Yuthasak Supasorn, governor of Thailand’s tourist authority, said the Long Term Residency visa “is aimed at enhancing Thailand’s attractiveness to high-potential foreigners, as a regional hub to live and do business in.”
The government hopes foreign investors can contribute about a trillion Thai baht over a period of five years. Applications for the scheme opened in September 2022, providing foreigners with an extendable 10-year residence visa as well as a work permit. Supasorn said they hope to “attract foreign talent and expertise that can contribute to domestic spending and support economic growth.”
How to apply for Thailand’s Long Term Residency Visa
To apply for the Long Term Residency Visa, applicants must fit into one of four categories.
First category is for those who have cash and assets worth $1 million or more. Another category is applicable to those who have a pension of at least $80,000. A third category is reserved for remote workers who have a base in Thailand, and with an annual income of at least $80,000 over the past two years. In this case, they should have five years of work experience and be employed by a company that has an annual revenue of at least $150,000 over the three years prior to the application.
The final category is for professionals making $80,000 a year who have five years of work experience.

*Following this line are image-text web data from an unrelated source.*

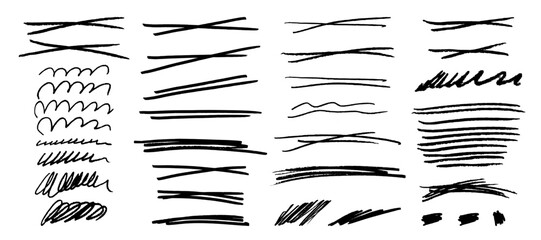 Wall Mural - vector set of grungy graphic elements. hand drawn textured pen or pencil underlines, waves, striketh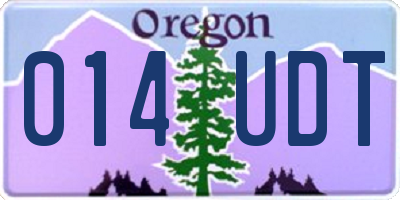 OR license plate 014UDT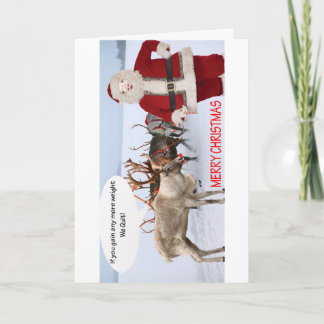 Carte Joyeux Noël ! Cochon en tant que Père Noël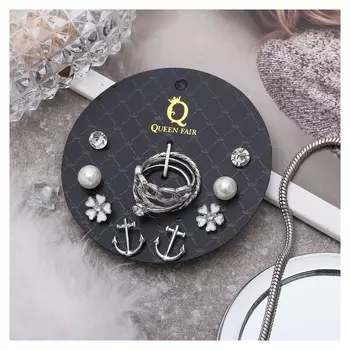 Пусеты с кольцами "Настроение" якорь и цветы, цвет белый в серебре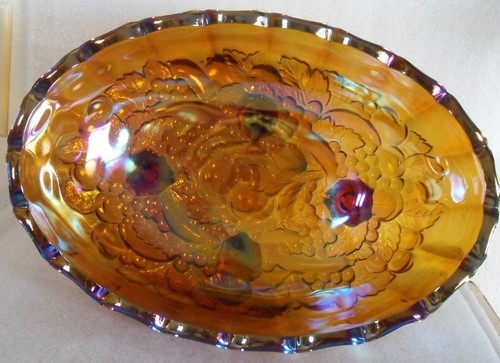 Vintage Indiana Iridescent Carnival Glass Harvest Grape Gold/Amber Oval Bowl 12" - Picture 7 of 12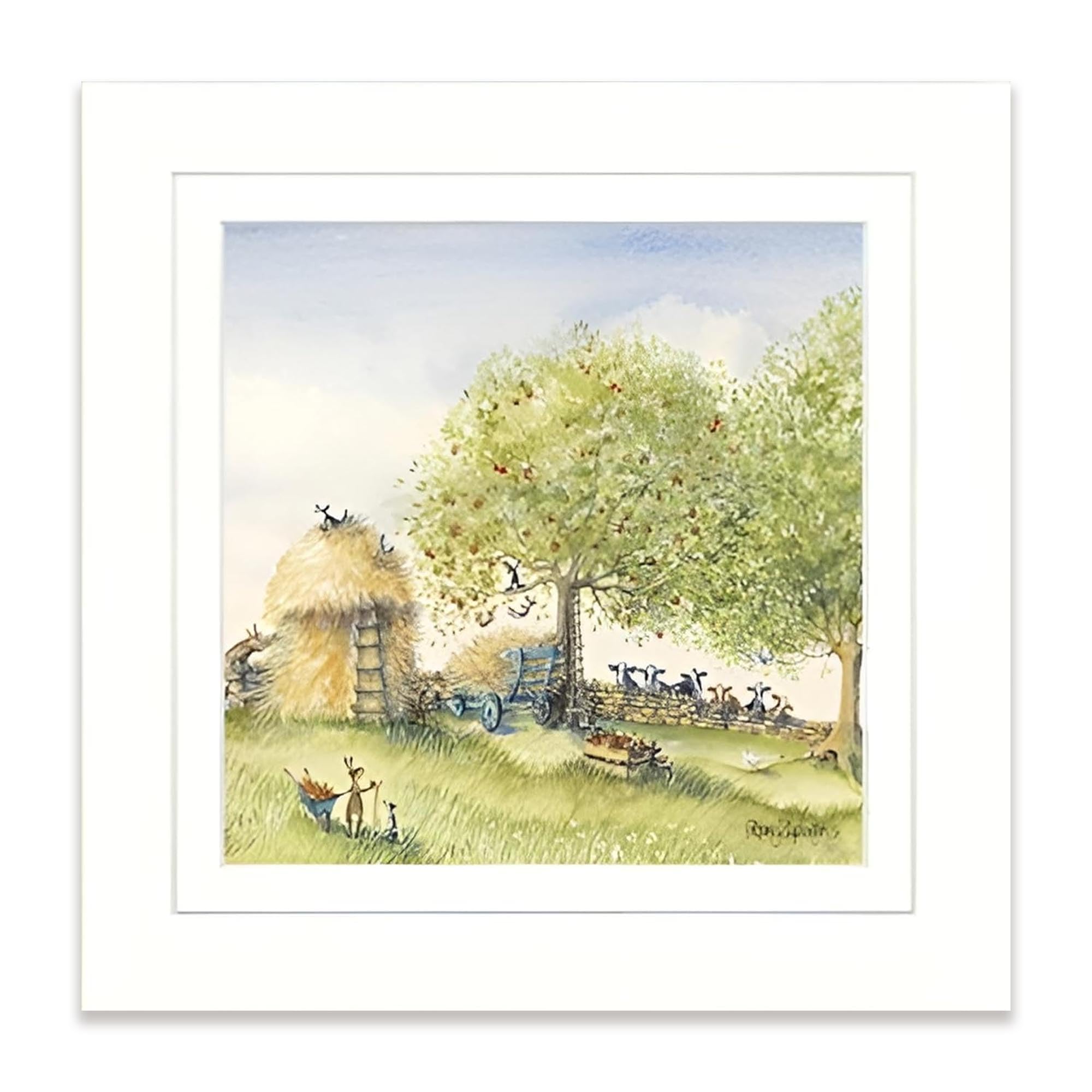 Artko 'The Haystack' Framed Print Wall Art - Rabbit Inspired Artwork by Catherine J Stephenson - Ready to Hang Home Décor - 33.5 x 33.5cm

“I think the government is trying to lure in more high-income tourists or expats as Thailand's economy depends on tourism. Their main income is tourism and export,” says Benny Moafi, founder of Ratchada Law Firm, with offices in Thailand, Cambodia and Vietnam, to Uglobal.
Visa program aims to boost Thailand’s economy
Moafi, a Swedish national who has lived in the country for 25 years, says Thailand has many hotels that are empty or going bankrupt. He says the country needs help in boosting the local economy.
“They really need it as many low income workers are suffering because of diminished income. It will destroy other businesses as well as these workers have no money to purchase or spend in other businesses. It is like a chain connected to each other,” says Moafi.
Meanwhile, the government recently announced it is considering reversing plans to allow wealthy foreigners with a Long Term Resident visa to buy up to one rai of land in return for 40 million baht in investments for at least three years.
“As I understood from the news, the government totally backed down. They were under pressure from Thai people who don't see foreigners as a part of society,” says Moafi.
The director of the Department of Land, Chayawut Chanthorn, earlier said that Deputy Prime Minister Prawit Wongsuwon approved withdrawing the Interior Ministry's draft regulation allowing foreigners land ownership, as reported by local media.
The policy has received widespread public concern and criticism. The government is currently weighing the pros and cons of the policy and is expected to make a decision soon.